Work instructions: Please print each record that follows precisely as it appears.

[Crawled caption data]

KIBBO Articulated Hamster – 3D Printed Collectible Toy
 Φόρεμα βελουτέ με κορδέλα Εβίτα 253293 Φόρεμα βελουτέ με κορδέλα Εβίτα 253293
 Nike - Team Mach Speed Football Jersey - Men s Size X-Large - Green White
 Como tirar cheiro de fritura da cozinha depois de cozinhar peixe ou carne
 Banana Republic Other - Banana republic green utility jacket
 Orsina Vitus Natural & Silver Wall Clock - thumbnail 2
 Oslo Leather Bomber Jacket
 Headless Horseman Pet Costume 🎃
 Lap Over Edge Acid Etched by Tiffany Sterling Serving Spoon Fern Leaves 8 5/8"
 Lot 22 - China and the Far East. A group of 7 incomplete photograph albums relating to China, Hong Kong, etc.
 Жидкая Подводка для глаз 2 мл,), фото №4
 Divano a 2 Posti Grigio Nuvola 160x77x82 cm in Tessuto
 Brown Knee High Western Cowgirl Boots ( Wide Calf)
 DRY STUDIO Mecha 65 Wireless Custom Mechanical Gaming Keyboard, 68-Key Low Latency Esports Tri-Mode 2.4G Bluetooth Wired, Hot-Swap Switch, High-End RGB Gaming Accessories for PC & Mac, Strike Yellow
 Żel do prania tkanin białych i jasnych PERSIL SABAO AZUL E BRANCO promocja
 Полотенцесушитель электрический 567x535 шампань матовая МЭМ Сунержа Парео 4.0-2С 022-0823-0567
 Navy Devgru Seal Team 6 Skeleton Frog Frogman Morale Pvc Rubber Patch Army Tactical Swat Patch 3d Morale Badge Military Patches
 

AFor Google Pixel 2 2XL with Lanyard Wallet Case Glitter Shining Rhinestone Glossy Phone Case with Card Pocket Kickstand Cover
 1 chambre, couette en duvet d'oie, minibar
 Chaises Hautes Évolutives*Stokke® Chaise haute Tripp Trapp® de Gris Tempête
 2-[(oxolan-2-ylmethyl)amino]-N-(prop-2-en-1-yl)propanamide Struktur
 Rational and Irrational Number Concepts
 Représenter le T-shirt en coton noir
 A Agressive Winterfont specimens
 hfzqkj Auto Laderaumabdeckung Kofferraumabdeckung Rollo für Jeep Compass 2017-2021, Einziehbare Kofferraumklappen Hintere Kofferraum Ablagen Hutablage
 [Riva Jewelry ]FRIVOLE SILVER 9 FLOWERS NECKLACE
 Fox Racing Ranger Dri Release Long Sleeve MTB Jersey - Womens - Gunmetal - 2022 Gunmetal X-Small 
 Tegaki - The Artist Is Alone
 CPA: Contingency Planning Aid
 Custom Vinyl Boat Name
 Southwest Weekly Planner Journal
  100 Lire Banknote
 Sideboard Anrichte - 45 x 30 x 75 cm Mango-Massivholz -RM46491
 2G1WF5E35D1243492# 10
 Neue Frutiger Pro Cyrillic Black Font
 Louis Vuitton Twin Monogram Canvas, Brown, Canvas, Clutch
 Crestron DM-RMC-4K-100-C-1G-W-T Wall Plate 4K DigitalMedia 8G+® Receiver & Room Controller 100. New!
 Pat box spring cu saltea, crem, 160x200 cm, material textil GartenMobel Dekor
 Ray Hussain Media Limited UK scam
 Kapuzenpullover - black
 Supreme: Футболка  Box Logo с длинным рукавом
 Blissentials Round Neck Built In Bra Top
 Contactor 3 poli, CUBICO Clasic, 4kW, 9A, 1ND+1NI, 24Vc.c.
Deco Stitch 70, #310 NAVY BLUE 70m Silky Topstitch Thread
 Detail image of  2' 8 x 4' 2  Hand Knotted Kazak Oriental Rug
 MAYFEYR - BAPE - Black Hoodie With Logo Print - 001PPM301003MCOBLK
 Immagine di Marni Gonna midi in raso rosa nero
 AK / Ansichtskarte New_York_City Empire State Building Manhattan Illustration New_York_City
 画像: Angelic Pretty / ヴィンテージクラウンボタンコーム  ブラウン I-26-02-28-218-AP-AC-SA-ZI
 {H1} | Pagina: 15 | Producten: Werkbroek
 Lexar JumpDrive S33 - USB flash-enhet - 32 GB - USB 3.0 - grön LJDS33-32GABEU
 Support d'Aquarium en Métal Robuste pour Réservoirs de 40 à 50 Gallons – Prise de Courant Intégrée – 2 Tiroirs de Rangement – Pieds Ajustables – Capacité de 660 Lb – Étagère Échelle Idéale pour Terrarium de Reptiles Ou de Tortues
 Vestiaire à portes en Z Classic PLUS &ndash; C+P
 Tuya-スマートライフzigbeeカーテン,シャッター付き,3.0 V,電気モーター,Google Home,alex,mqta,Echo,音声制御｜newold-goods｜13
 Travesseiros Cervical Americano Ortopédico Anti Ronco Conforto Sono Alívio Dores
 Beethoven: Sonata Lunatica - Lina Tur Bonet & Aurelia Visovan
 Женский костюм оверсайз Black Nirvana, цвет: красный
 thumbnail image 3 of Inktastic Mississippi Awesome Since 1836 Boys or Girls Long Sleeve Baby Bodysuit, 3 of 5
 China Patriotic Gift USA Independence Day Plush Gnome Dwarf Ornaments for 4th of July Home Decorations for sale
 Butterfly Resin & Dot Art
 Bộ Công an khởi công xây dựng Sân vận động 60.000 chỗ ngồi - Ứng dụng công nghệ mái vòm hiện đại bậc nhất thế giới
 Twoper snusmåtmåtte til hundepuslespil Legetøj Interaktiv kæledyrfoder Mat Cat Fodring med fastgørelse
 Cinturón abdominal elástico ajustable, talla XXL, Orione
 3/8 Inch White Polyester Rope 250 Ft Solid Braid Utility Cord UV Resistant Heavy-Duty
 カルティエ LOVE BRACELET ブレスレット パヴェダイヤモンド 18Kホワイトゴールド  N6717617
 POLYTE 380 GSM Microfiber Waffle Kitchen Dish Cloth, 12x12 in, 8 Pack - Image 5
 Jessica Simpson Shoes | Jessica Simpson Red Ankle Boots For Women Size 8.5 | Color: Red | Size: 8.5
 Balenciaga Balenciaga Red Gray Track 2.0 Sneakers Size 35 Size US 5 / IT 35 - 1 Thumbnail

Answer below:
KIBBO Articulated Hamster – 3D Printed Collectible Toy
 Φόρεμα βελουτέ με κορδέλα Εβίτα 253293 Φόρεμα βελουτέ με κορδέλα Εβίτα 253293
 Nike - Team Mach Speed Football Jersey - Men s Size X-Large - Green White
 Como tirar cheiro de fritura da cozinha depois de cozinhar peixe ou carne
 Banana Republic Other - Banana republic green utility jacket
 Orsina Vitus Natural & Silver Wall Clock - thumbnail 2
 Oslo Leather Bomber Jacket
 Headless Horseman Pet Costume 🎃
 Lap Over Edge Acid Etched by Tiffany Sterling Serving Spoon Fern Leaves 8 5/8"
 Lot 22 - China and the Far East. A group of 7 incomplete photograph albums relating to China, Hong Kong, etc.
 Жидкая Подводка для глаз 2 мл,), фото №4
 Divano a 2 Posti Grigio Nuvola 160x77x82 cm in Tessuto
 Brown Knee High Western Cowgirl Boots ( Wide Calf)
 DRY STUDIO Mecha 65 Wireless Custom Mechanical Gaming Keyboard, 68-Key Low Latency Esports Tri-Mode 2.4G Bluetooth Wired, Hot-Swap Switch, High-End RGB Gaming Accessories for PC & Mac, Strike Yellow
 Żel do prania tkanin białych i jasnych PERSIL SABAO AZUL E BRANCO promocja
 Полотенцесушитель электрический 567x535 шампань матовая МЭМ Сунержа Парео 4.0-2С 022-0823-0567
 Navy Devgru Seal Team 6 Skeleton Frog Frogman Morale Pvc Rubber Patch Army Tactical Swat Patch 3d Morale Badge Military Patches
 

AFor Google Pixel 2 2XL with Lanyard Wallet Case Glitter Shining Rhinestone Glossy Phone Case with Card Pocket Kickstand Cover
 1 chambre, couette en duvet d'oie, minibar
 Chaises Hautes Évolutives*Stokke® Chaise haute Tripp Trapp® de Gris Tempête
 2-[(oxolan-2-ylmethyl)amino]-N-(prop-2-en-1-yl)propanamide Struktur
 Rational and Irrational Number Concepts
 Représenter le T-shirt en coton noir
 A Agressive Winterfont specimens
 hfzqkj Auto Laderaumabdeckung Kofferraumabdeckung Rollo für Jeep Compass 2017-2021, Einziehbare Kofferraumklappen Hintere Kofferraum Ablagen Hutablage
 [Riva Jewelry ]FRIVOLE SILVER 9 FLOWERS NECKLACE
 Fox Racing Ranger Dri Release Long Sleeve MTB Jersey - Womens - Gunmetal - 2022 Gunmetal X-Small 
 Tegaki - The Artist Is Alone
 CPA: Contingency Planning Aid
 Custom Vinyl Boat Name
 Southwest Weekly Planner Journal
  100 Lire Banknote
 Sideboard Anrichte - 45 x 30 x 75 cm Mango-Massivholz -RM46491
 2G1WF5E35D1243492# 10
 Neue Frutiger Pro Cyrillic Black Font
 Louis Vuitton Twin Monogram Canvas, Brown, Canvas, Clutch
 Crestron DM-RMC-4K-100-C-1G-W-T Wall Plate 4K DigitalMedia 8G+® Receiver & Room Controller 100. New!
 Pat box spring cu saltea, crem, 160x200 cm, material textil GartenMobel Dekor
 Ray Hussain Media Limited UK scam
 Kapuzenpullover - black
 Supreme: Футболка  Box Logo с длинным рукавом
 Blissentials Round Neck Built In Bra Top
 Contactor 3 poli, CUBICO Clasic, 4kW, 9A, 1ND+1NI, 24Vc.c.
Deco Stitch 70, #310 NAVY BLUE 70m Silky Topstitch Thread
 Detail image of  2' 8 x 4' 2  Hand Knotted Kazak Oriental Rug
 MAYFEYR - BAPE - Black Hoodie With Logo Print - 001PPM301003MCOBLK
 Immagine di Marni Gonna midi in raso rosa nero
 AK / Ansichtskarte New_York_City Empire State Building Manhattan Illustration New_York_City
 画像: Angelic Pretty / ヴィンテージクラウンボタンコーム  ブラウン I-26-02-28-218-AP-AC-SA-ZI
 {H1} | Pagina: 15 | Producten: Werkbroek
 Lexar JumpDrive S33 - USB flash-enhet - 32 GB - USB 3.0 - grön LJDS33-32GABEU
 Support d'Aquarium en Métal Robuste pour Réservoirs de 40 à 50 Gallons – Prise de Courant Intégrée – 2 Tiroirs de Rangement – Pieds Ajustables – Capacité de 660 Lb – Étagère Échelle Idéale pour Terrarium de Reptiles Ou de Tortues
 Vestiaire à portes en Z Classic PLUS &ndash; C+P
 Tuya-スマートライフzigbeeカーテン,シャッター付き,3.0 V,電気モーター,Google Home,alex,mqta,Echo,音声制御｜newold-goods｜13
 Travesseiros Cervical Americano Ortopédico Anti Ronco Conforto Sono Alívio Dores
 Beethoven: Sonata Lunatica - Lina Tur Bonet & Aurelia Visovan
 Женский костюм оверсайз Black Nirvana, цвет: красный
 thumbnail image 3 of Inktastic Mississippi Awesome Since 1836 Boys or Girls Long Sleeve Baby Bodysuit, 3 of 5
 China Patriotic Gift USA Independence Day Plush Gnome Dwarf Ornaments for 4th of July Home Decorations for sale
 Butterfly Resin & Dot Art
 Bộ Công an khởi công xây dựng Sân vận động 60.000 chỗ ngồi - Ứng dụng công nghệ mái vòm hiện đại bậc nhất thế giới
 Twoper snusmåtmåtte til hundepuslespil Legetøj Interaktiv kæledyrfoder Mat Cat Fodring med fastgørelse
 Cinturón abdominal elástico ajustable, talla XXL, Orione
 3/8 Inch White Polyester Rope 250 Ft Solid Braid Utility Cord UV Resistant Heavy-Duty
 カルティエ LOVE BRACELET ブレスレット パヴェダイヤモンド 18Kホワイトゴールド  N6717617
 POLYTE 380 GSM Microfiber Waffle Kitchen Dish Cloth, 12x12 in, 8 Pack - Image 5
 Jessica Simpson Shoes | Jessica Simpson Red Ankle Boots For Women Size 8.5 | Color: Red | Size: 8.5
 Balenciaga Balenciaga Red Gray Track 2.0 Sneakers Size 35 Size US 5 / IT 35 - 1 Thumbnail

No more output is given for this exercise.